Let’s take a closer look at Pikaia,
though. Study it closely, and you can
just about see the fish that its distant descendants will become. The strip of
cartilage runs along the upper edge of its body, where fish and all other
vertebrates have their backbones. It didn’t have to be there; if
Pikaia happened to have cartilage along its lower edge, then
fish and all the other vertebrates to come would have done just as well with a
bellybone in place of a backbone, and you and I would have the knobbly bumps of
vertebrae running up our abdomens and chests. Once Pikaia came
out ahead in the struggle for survival, that possibility went wherever
might-have-beens spend their time. There’s no logical reason why we don’t have
bellybones; it simply turned out that way, and the consequences of that event
still constrain us today.
Fast forward 200 million years or so, and a few of
Pikaia’s putative descendants were learning to deal with the
challenges and possibilities of muddy Devonian swamps by wriggling up out of
the water, and gulping air into their swim bladders to give them a bit of extra
oxygen. It so happens that these fish
had four large fins toward the underside of their bodies. Many other fish at
the time had other fin patterns instead, and if the successful proto-lungfish
had happened to come from a lineage with six fins underneath, then amphibians,
reptiles, birds, and mammals would have six limbs today instead of four. A six-limbed body plan is perfectly
viable—ask any insect—but the vertebrates that ventured onto land had four, and
once that happened, the question was settled.
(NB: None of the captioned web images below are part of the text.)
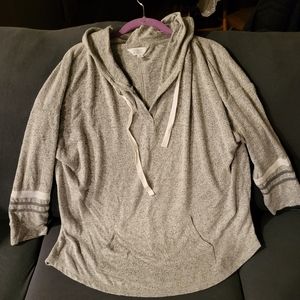 Market & Spruce lightweight hooded sweater 2X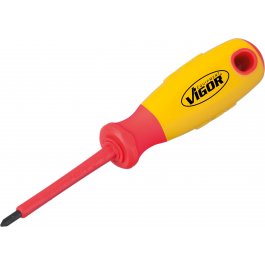 VIGOR Krížový skrutkovač VDE V2062 ∙ PH 0 ∙ 141 mm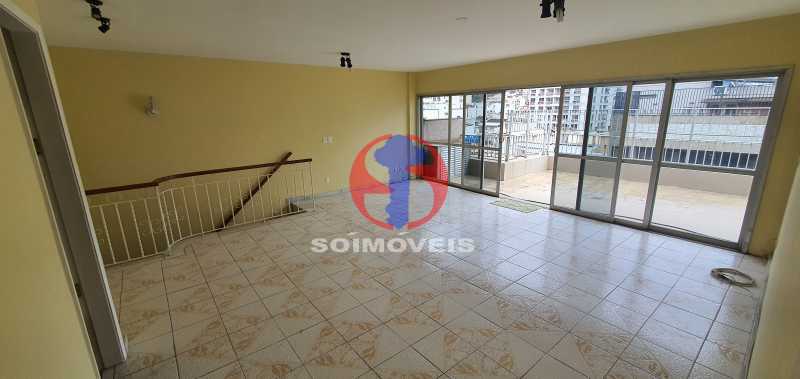 Conheça SALÃO 2 PISO do imóvel - Cobertura 4 quartos à venda Tijuca, Rio de Janeiro - R$ 929.000 - TJCO40020 - 18 SALÃO 2 PISO - Cobertura 4 quartos à venda Tijuca, Rio de Janeiro - R$ 929.000 - TJCO40020 - 18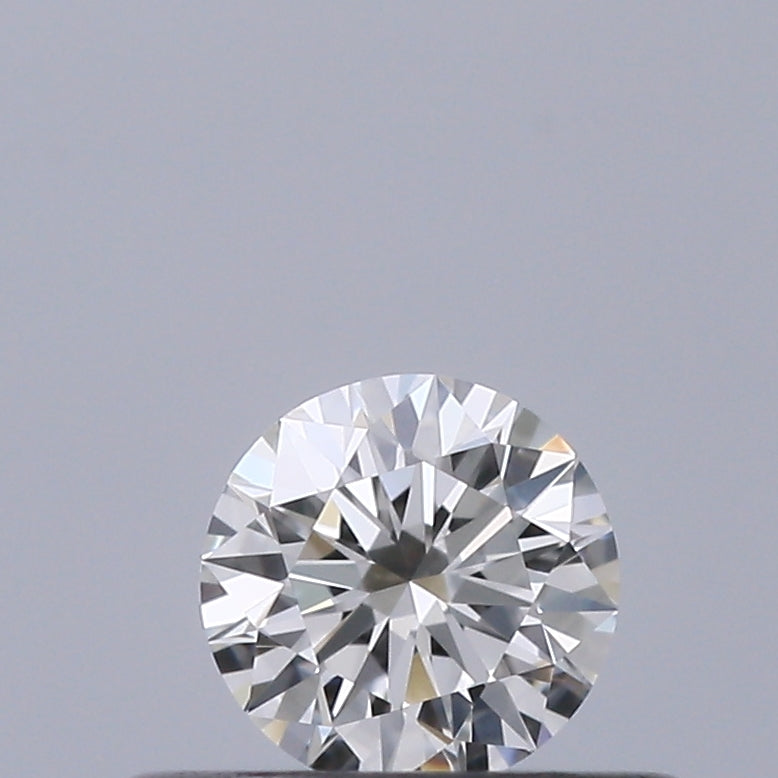 0.25 carat Round diamond F VVS1 Excellent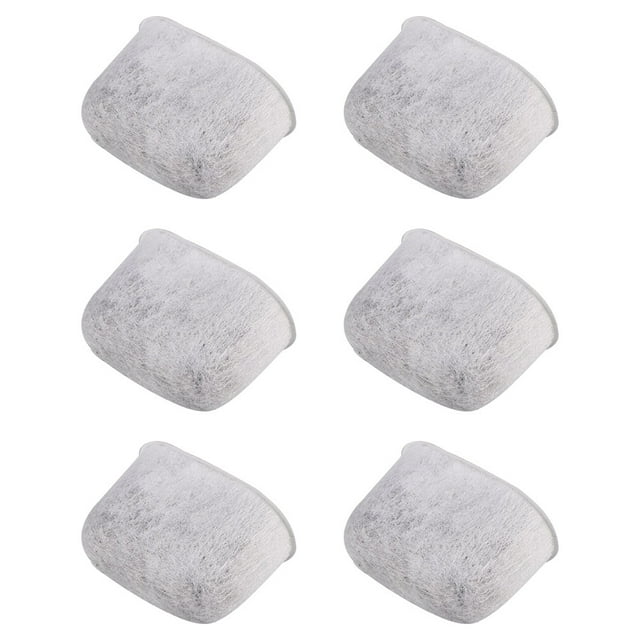 Paquete De 6 Filtros De Agua Keurig De Ajuste Universal Filtros De Agua De Carbón De Repuesto Para Máquinas De Café Keurig Para Cafeteras Speravity HA020632-00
Nothing makes six-legged mammals impossible, but there aren’t any and
never will be. In an abstract sense,
they can happen, but in the real world, they don’t, and it’s only history that
explains why.
Today, another 400 million years later, most of the possible
variables shaping life in this planet’s biosphere are very tightly constrained
by an intricate network of ecological pressures rooted in the long history of
the planet. Those constraints, among other things, drive convergent
evolution—the process by which living things from completely different
evolutionary lineages end up looking and behaving like each other. 100 million years ago, when the Earth had its
normal hothouse climate and reptiles were the dominant vertebrates, the
icthyosaurs, a large and successful family of seagoing reptiles, evolved what
we now think of as the basic dolphin look; when they went extinct and a cooling
planet gave mammals the edge, seagoing mammals competing for the same
ecological niche gave us today’s dolphins and porpoises. Their ancestors, by
the way, looked like furry crocodiles, and for good reason; if you’re going to
fill a crocodile’s niche, as the protocetaceans did, the pressures that the
rest of the biosphere brings to bear on that niche pretty much require you to
look and act like a crocodile.
The lesson to be drawn from these examples, and countless
others, is that evolution isn’t free to do everything that, in some abstract
sense, it could possibly do. Between the limits imposed by the genetics of the
organism struggling to adapt, and the even stronger limits imposed by the
pressures of the environment within which that struggle is taking place, there
are only so many options available, and on a planet that’s had living things
evolving on it for two billion years or so, most of those options will have
already been tried out at least once. Even when something new emerges, as
happens from time to time, that doesn’t mean that all bets are off; it simply
means that familiar genetic and environmental constraints are going to apply in
slightly different ways. That means that there are plenty of things that
theoretically could happen that never will happen, because the constraints
pressing on living things don’t have room for them.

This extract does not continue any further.